Re: [PATCH v3 bpf-next 1/2] libbpf: auto-bump RLIMIT_MEMLOCK if kernel needs it for BPF

Daniel Borkmann <daniel@xxxxxxxxxxxxx> · Tue, 14 Dec 2021 16:09:02 +0100

On 12/14/21 1:48 AM, Andrii Nakryiko wrote:
The need to increase RLIMIT_MEMLOCK to do anything useful with BPF is
one of the first extremely frustrating gotchas that all new BPF users go
through and in some cases have to learn it a very hard way.

Luckily, starting with upstream Linux kernel version 5.11, BPF subsystem
dropped the dependency on memlock and uses memcg-based memory accounting
instead. Unfortunately, detecting memcg-based BPF memory accounting is
far from trivial (as can be evidenced by this patch), so in practice
most BPF applications still do unconditional RLIMIT_MEMLOCK increase.

As we move towards libbpf 1.0, it would be good to allow users to forget
about RLIMIT_MEMLOCK vs memcg and let libbpf do the sensible adjustment
automatically. This patch paves the way forward in this matter. Libbpf
will do feature detection of memcg-based accounting, and if detected,
will do nothing. But if the kernel is too old, just like BCC, libbpf
will automatically increase RLIMIT_MEMLOCK on behalf of user
application ([0]).

As this is technically a breaking change, during the transition period
applications have to opt into libbpf 1.0 mode by setting
LIBBPF_STRICT_AUTO_RLIMIT_MEMLOCK bit when calling
libbpf_set_strict_mode().

Libbpf allows to control the exact amount of set RLIMIT_MEMLOCK limit
with libbpf_set_memlock_rlim_max() API. Passing 0 will make libbpf do
nothing with RLIMIT_MEMLOCK. libbpf_set_memlock_rlim_max() has to be
called before the first bpf_prog_load(), bpf_btf_load(), or
bpf_object__load() call, otherwise it has no effect and will return
-EBUSY.

   [0] Closes: https://github.com/libbpf/libbpf/issues/369

Signed-off-by: Andrii Nakryiko <andrii@xxxxxxxxxx>
[...]

+/* Probe whether kernel switched from memlock-based (RLIMIT_MEMLOCK) to
+ * memcg-based memory accounting for BPF maps and progs.

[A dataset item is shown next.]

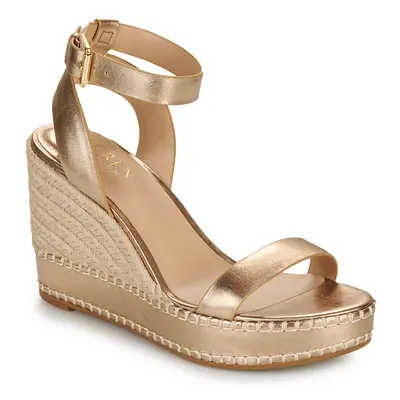 Lauren Ralph Lauren HILARIE-ESPADRILLES-WEDGE Zlatá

This was done in [0].
+ * We use the difference in reporting memlock value in BPF map's fdinfo before
+ * and after [0] to detect whether memcg accounting is done for BPF subsystem
+ * or not.
+ *
+ * Before the change, memlock value for ARRAY map would be calculated as:
+ *
+ *   memlock = sizeof(struct bpf_array) + round_up(value_size, 8) * max_entries;
+ *   memlock = round_up(memlock, PAGE_SIZE);
+ *
+ *
+ * After, memlock is approximated as:
+ *
+ *   memlock = round_up(key_size + value_size, 8) * max_entries;
+ *   memlock = round_up(memlock, PAGE_SIZE);
+ *
+ * In this check we use the fact that sizeof(struct bpf_array) is about 300
+ * bytes, so if we use value_size = (PAGE_SIZE - 100), before memcg
+ * approximation memlock would be rounded up to 2 * PAGE_SIZE, while with
+ * memcg approximation it will stay at single PAGE_SIZE (key_size is 4 for
+ * array and doesn't make much difference given 100 byte decrement we use for
+ * value_size).
+ *
+ *   [0] https://lore.kernel.org/bpf/20201201215900.3569844-1-guro@xxxxxx/
+ */
+int probe_memcg_account(void)
+{
+	const size_t map_create_attr_sz = offsetofend(union bpf_attr, map_extra);
+	long page_sz = sysconf(_SC_PAGESIZE), memlock_sz;
+	char buf[128];
+	union bpf_attr attr;
+	int map_fd;
+	FILE *f;
+
+	memset(&attr, 0, map_create_attr_sz);
+	attr.map_type = BPF_MAP_TYPE_ARRAY;
+	attr.key_size = 4;
+	attr.value_size = page_sz - 100;
+	attr.max_entries = 1;
+	map_fd = sys_bpf_fd(BPF_MAP_CREATE, &attr, map_create_attr_sz);
+	if (map_fd < 0)
+		return -errno;
+
+	sprintf(buf, "/proc/self/fdinfo/%d", map_fd);
+	f = fopen(buf, "r");
+	while (f && !feof(f) && fgets(buf, sizeof(buf), f)) {
+		if (fscanf(f, "memlock: %ld\n", &memlock_sz) == 1) {
+			fclose(f);
+			close(map_fd);
+			return memlock_sz == page_sz ? 1 : 0;
+		}
+	}
+
+	/* proc FS is disabled or we failed to parse fdinfo properly, assume
+	 * we need setrlimit
+	 */
+	if (f)
+		fclose(f);
+	close(map_fd);
+	return 0;
+}

One other option which might be slightly more robust perhaps could be to probe
for a BPF helper that has been added along with 5.11 kernel. As Toke noted earlier
it might not work with ooo backports, but if its good with RHEL in this specific
case, we should be covered for 99% of cases. Potentially, we could then still try
to fallback to the above probing logic?

Thanks,
Daniel